Nvcc compilation stuck at ptxas

Hello, I am using Libtorch2.4.0 & CUDA 11.8 to develop a deep learning project. This project include custom backward& forward CUDA functions which are written in *.cu. This project *can compile and run successfully previously but when I add more codes in .cu, the compliation stucks and never return(not err code, just stuck here). Then I use command “top”, I found there is a command “ptxas -arch sm_89 -m64 -v /tmp/tmpxft_00006356_00000000-6_main.ptx -o /tmp/tmpxft_00006356_00000000-8_main.cubin”. To make sure ptxas is the culprit, I run this command mannully(i.e. type it &run it in terminal) and it never return.

My guess is that, there maybe some limitation(register number, device code size or constant memory limit) violated?
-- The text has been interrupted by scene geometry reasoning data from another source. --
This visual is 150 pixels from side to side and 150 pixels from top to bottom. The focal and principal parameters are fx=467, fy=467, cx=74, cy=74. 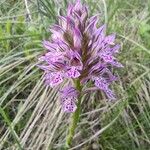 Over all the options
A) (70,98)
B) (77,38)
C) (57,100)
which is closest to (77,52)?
(77,38)

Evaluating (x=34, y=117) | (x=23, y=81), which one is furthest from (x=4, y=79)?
(x=34, y=117)

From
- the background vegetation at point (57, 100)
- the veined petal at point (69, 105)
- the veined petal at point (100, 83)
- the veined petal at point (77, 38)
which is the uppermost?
the veined petal at point (77, 38)

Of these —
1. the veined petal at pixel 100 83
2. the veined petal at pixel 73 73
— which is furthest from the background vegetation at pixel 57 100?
the veined petal at pixel 73 73

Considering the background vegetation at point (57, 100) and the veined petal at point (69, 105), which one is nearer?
the veined petal at point (69, 105)

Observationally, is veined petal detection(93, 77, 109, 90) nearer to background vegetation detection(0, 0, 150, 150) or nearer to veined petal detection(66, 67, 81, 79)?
veined petal detection(66, 67, 81, 79)

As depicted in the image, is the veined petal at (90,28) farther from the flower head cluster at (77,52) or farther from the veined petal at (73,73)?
the veined petal at (73,73)

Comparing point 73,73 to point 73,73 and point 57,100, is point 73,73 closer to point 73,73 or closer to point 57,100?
point 73,73

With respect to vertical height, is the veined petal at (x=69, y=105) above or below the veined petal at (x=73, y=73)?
below

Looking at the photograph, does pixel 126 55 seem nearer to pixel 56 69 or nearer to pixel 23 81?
pixel 23 81

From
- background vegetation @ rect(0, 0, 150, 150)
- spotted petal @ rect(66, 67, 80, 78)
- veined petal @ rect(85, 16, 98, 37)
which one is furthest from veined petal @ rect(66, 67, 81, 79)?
background vegetation @ rect(0, 0, 150, 150)
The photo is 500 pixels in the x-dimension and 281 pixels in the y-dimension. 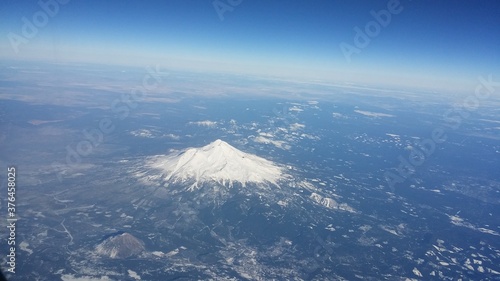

Unfortunely, there is not output from ptxas since it never return, so I have no clue how to optimize my code.

For you information, my cuda code is around 800 lines, I use cuco::static_map to accelerate my code.

I will be really appriciated if you can help, thanks in advance!

It’s possible that a particular code causes ptxas to spend a very long time during compilation. There is no way to diagnose such cases without an actual, complete example.

Since you mention CUDA 11.8, you may wish to try that ptxas command that takes a long time (“stuck”) on the latest version of CUDA, currently 12.6

Luckily, I successfully compile my code under CUDA 12.4. Still don’t know why, but thanks!